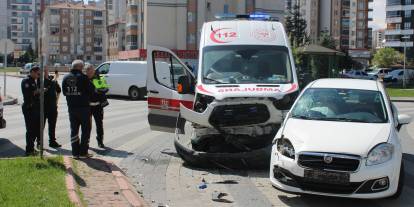 Hasta taşıyan ambulansla otomobil çarpıştı: 2 yaralı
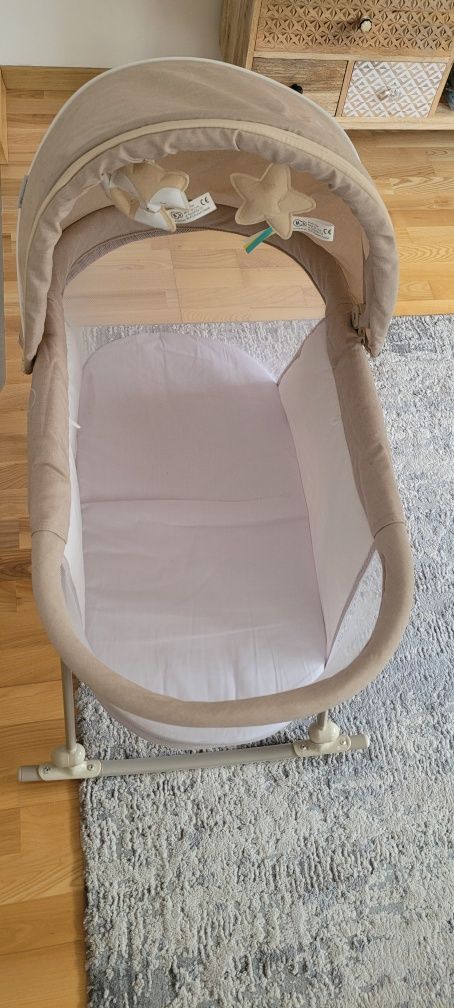 Kinderkraft
Kinderkraft Łóżeczko-kołyska LOVI beżowy 0-9kg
• • • •
What is required -> An exact repetition of the listing is needed, with the pictures dropped.

Answer for the task ->
 Hasta taşıyan ambulansla otomobil çarpıştı: 2 yaralı
 Kinderkraft
Kinderkraft Łóżeczko-kołyska LOVI beżowy 0-9kg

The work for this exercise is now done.